Does this "0" mean the primer is no longer in the sequence? Could it be a problem due to the file being zip?

So I should use --p-trim-left-f and --p-trim-left-r for this, right? The tutorial “Atacama soil microbiome” tutorial — QIIME 2 2022.2.0 documentation says they are not going to trim the ends of the sequences and uses --p-trunc-len- 150 (which is the full length of the reads). But I have seen on the forum researchers who were not truncating either using --p-trunc-len- 0. Should the integer refer to the number of nts being trimmed, like this:

--p-trim-left-f 10
--p-trim-left-r 10

or should it refer to the position where the cut is supposed to be made:

--p-trim-left-f 295
--p-trim-left-r 195

You need to unzip the fastq file. If the primer sequence, 'CCTACGGGRSGCAGCAG', is for the forward reads, you can try running:

gunzip 210511155290-1-2-1_S366_L001_R1_001.fastq.gz
head -n 20 210511155290-1-2-1_S366_L001_R1_001.fastq | grep -x '[CCTACGGGRSGCAGCAG]+'

If the primer has not been trimmed from your raw data, you shall see sequence printed on the terminal.

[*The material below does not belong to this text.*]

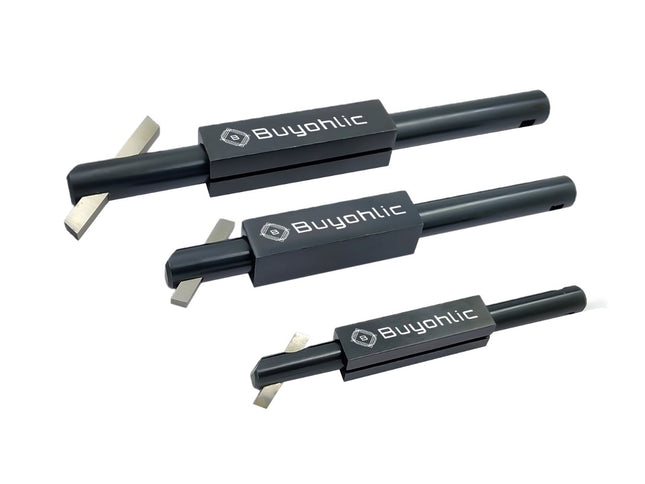 Lathe's Double End Boring Bars with Holder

No. You should use --p-trunc-len-f/--p-trunc-len-r to trim sequences at the tail, or the 3' end. For example, the following code trims your forward reads at position 295 and reverse reads at position 195:

--p-trunc-len-f 295
--p-trunc-len-r 195

You can use the read length here if you don't want to trim the 3' end sequence.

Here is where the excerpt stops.